Ross Tucker also executed an affidavit in opposition to plaintiffs summary judgment motion. Tucker affirms that between November 27, 2019 and November 28, 2019, The Lucerne Hotel informed Consolidated of issues with the east elevator three times (Tucker aff, NYSCEF Doc No. 115 ¶ 7). Each of those times, the elevator was inspected by Consolidated and upon the completion of the inspection and work of Consolidated, the elevator was brought back into service (id.). Between November 28, 2019 and November 29, 2019, Consolidated never notified The Lucerne Hotel that the subject elevator needed to be kept out of service (id. ¶ 8). Kenneth Hickey, Consolidated's Service Manager, testified that the company had about twenty-five employees, including mechanics and helpers (Hickey deposition, NYSCEF Doc No. 97 at 9). Mechanics and helpers do not have to obtain any certification or licensing in New York State (id. at 11). Consolidated was contracted to perform work at The Lucerne Hotel, including inspections of the elevators once a month (id. at 19). Anytime a mechanic visited a property or did work at a property, Consolidated would produce a work ticket that would reflect what actions the mechanic took (id. at 31). However, if the hotel notified Consolidated about elevator issues apart from a regularly scheduled maintenance, a dispatch document would be issued (id. at 31-32).
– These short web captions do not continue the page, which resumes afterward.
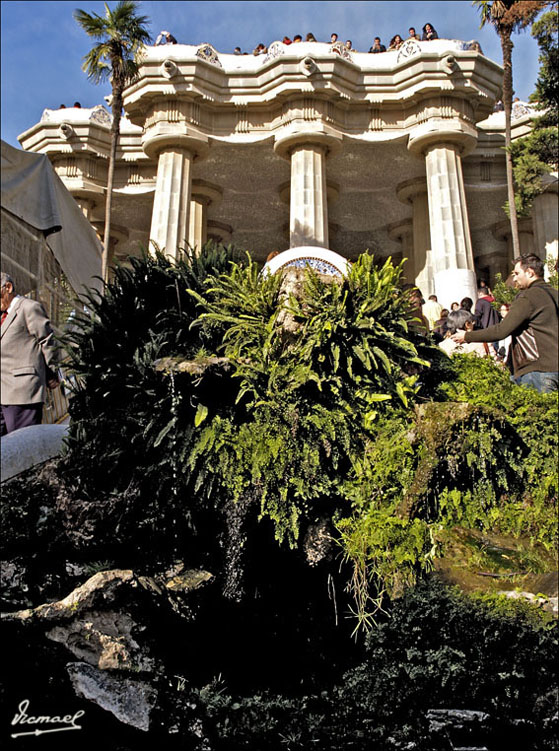 Foto de Barcelona (Cataluña), España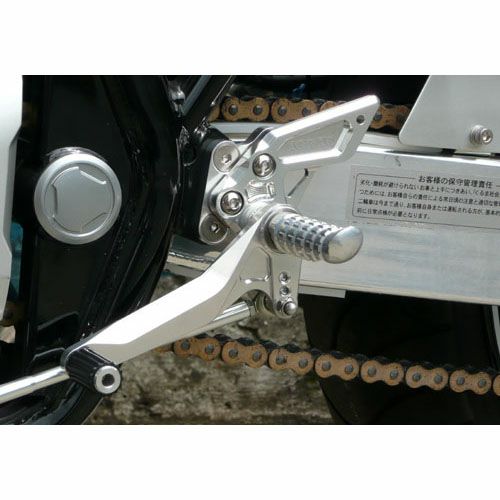 アグラス(AGRAS) バックステップ 4ポジション XJR1300/1200 312-251-000-02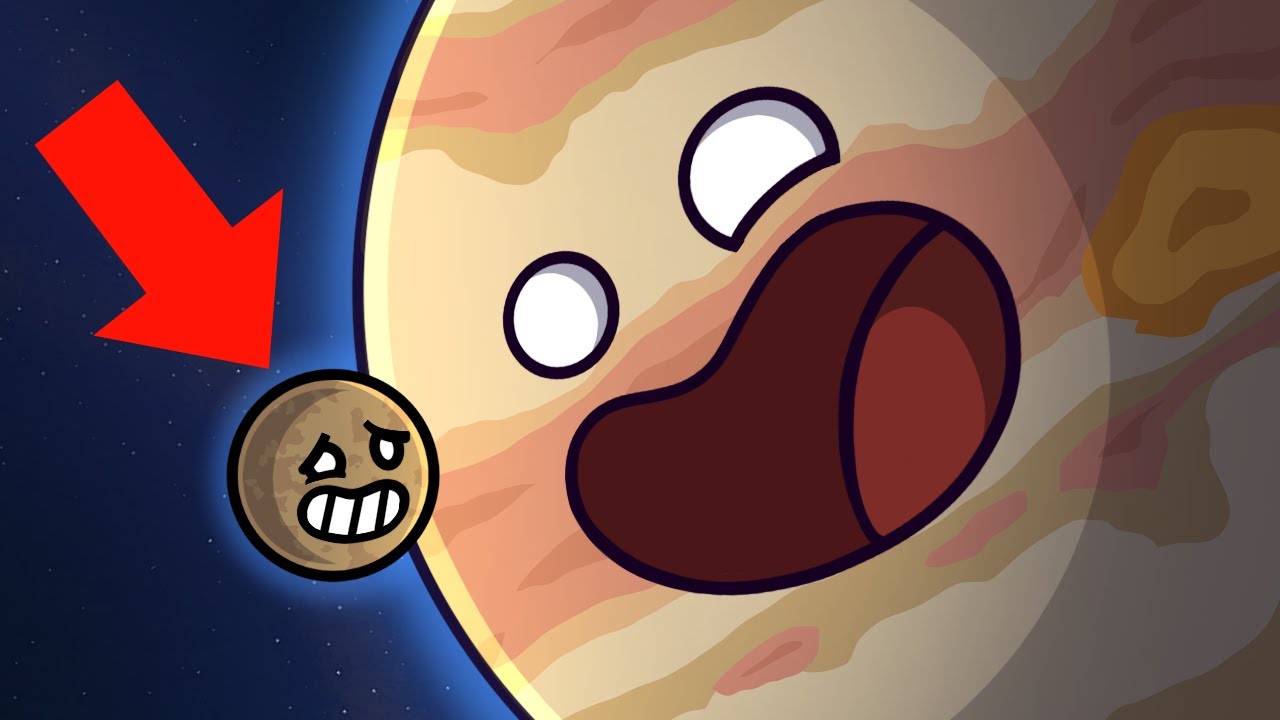 Is Mercury NOT a Planet?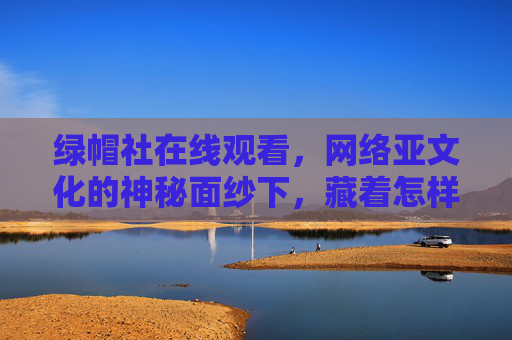 绿帽社在线观看，网络亚文化的神秘面纱下，藏着怎样的内容生态？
Consolidated's, Managing Director, Sanford Gottesman, states the following:

"while Mr. Carrajat opines that an elevator cab will not contact the elevator interlocks unless improperly maintained, that is simply contrary to common knowledge in the elevator industry. Elevator doors can become misaligned when struck or contacted by a person or object entering the elevator at any time, with no notice to an elevator company. As this building was a Hotel, the elevator doors at this building were constantly subject to being struck or contacted by passengers and Hotel employees going in and out of the elevator cabs with luggage and luggage carts that would impact the doors. That would cause a door alignment issue which could cause the door to contact an interlock with no relationship to the maintenance of the elevator. That can happen with no notice to the elevator company and there is no maintenance or pre-emptive repair that can prevent such an occurrence."
(Gottesman aff, NYSCEF Doc No. 113).

ARGUMENTS

I. Plaintiffs Summary Judgment Motion: Argument/Analysis

Plaintiff moves for summary judgment against all defendants based on negligence and the doctrine of res ipsa loquitur.

A. Alleged Negligence of Consolidated

Plaintiff argues that Consolidated failed to maintain the subject elevator in proper working order, causing plaintiffs accident. He points to the work tickets dated September 25, 2019 and November 22, 2019, two months and one week before the accident, respectively, where the elevator's interlock system was in need of repair. Moreover, there were work tickets related to a worn guide that caused repeated noises from the subject elevator. Plaintiff contends that based on the evidence, and the expert affidavit of Patrick Carrajat, Consolidated was on notice of the defective condition of the elevator for at least two months prior to plaintiffs accident.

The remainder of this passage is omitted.